Seven hundred twenty Palestinian adults were recruited at fourteen university campuses across 120 locales in the West Bank and Gaza to participate in a survey. Half of these participants were women, and half were members of Hamas or Palestinian Islamic Jihad. Participants were asked the extent to which the scenarios were “certainly acceptable,” “somewhat acceptable,” “somewhat unacceptable,” or “certainly unacceptable.” For example:
 
  1. What is the position of Islam in your opinion regarding the bomber who carries out the bombing attack (which some call martyrdom attacks while others call suicide attacks), killing himself with the aim of killing his enemies as some Palestinians do. Does Islam allow or not allow such action?
  2. What if a person wanted to carry out a bombing (which some … call suicide attacks) against the enemies of Palestine but his father becomes ill, and his family begs the chosen martyr to take care of his father, would it be acceptable to delay the attack indefinitely?
  3. What if a person wanted to carry out a bombing (which some … call suicide attacks) against the enemies of Palestine but his family begs him to delay martyrdom indefinitely because there was a significantly high chance the chosen martyr’s family would be killed in retaliation, would it be acceptable to delay the attack indefinitely?
  4. What if the bombing attack led to the destruction of olive trees and the bombing of his hometown and school and the death of the students, would it be acceptable to delay the attack indefinitely?
Eighty-one percent of Palestinian students believe that Islam allows the actions of the suicide bomber (+SB), including nearly 100 percent of supporters of Hamas and Palestinian Islamic Jihad; 19 percent of the students did not believe Islam supports suicide bombing (-SB).
There were no differences between participants who did and did not believe that Islam supports suicide bombing and willingness to delay a martyrdom operation to help a sick father. But those who did believe that Islam supports suicide attacks were inclined to believe that an indefinite delay of a suicide attack to save one’s hometown or the entire family from probable death was more unacceptable than an indefinite delay of a suicide attack to look after an ill father.
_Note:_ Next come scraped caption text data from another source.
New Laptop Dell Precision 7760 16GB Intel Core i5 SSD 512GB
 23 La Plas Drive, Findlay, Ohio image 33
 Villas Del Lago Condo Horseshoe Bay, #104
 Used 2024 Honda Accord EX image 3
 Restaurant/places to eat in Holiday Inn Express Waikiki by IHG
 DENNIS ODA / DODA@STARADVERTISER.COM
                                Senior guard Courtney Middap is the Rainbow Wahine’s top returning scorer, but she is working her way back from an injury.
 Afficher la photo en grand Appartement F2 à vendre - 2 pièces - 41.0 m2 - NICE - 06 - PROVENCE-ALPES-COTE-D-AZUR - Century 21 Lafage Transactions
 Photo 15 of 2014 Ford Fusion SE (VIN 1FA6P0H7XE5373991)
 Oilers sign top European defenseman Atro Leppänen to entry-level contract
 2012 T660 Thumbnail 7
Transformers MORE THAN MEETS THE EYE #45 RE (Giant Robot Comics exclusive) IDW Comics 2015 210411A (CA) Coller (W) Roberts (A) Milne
Similarly, a one-month delay of a suicide attack to save the entire family from probable death was rated as more unacceptable than a one-month delay to look after an ill father. What these results show is that when people are reasoning between duty to war or to family, they aren’t always making instrumental decisions that make material sense, but also decisions based on perceptions of obligations that can change as a function of which moral frame the context brings into focus.
STUDY 2: MORAL DUTY REVERSES NORMAL SENSITIVITY TO QUANTITY

 

Our second study was integrated in a survey of a representative sample of 1,266 Palestinian Muslim adults, half men and half women. To measure whether it was permissible or taboo in Palestinian society to think about material gains of involvement in acts of violence against the Israeli occupation, we asked:
In your view, would it be acceptable for the family of a martyr to request compensation in the amount of JD (Jordanian dinars)
——after their son carried out a martyrdom operation?
Would it be certainly acceptable, acceptable, unacceptable, or certainly unacceptable?

 

We randomly varied between participants the amount of money requested in this scenario: JD1,000 (about $1,500), JD10,000 ($15,000), or JD1,000,000 ($1,500,000). More than 90 percent of the participants regarded any request for financial compensation in exchange for the sacrifice of a martyr’s life as unacceptable, taboo. Moreover, as the monetary amount requested increased, so did disapproval ratings.
STUDY 3: PAROCHIAL ALTRUISM

 

Although many Jewish residents of the Israeli-occupied West Bank moved there from Israel for reasons of finance or “quality of life,” the community as a whole, typically referred to as “settlers,” is politically active in supporting the Jewish state’s right to permanently rule occupied Palestinian territories.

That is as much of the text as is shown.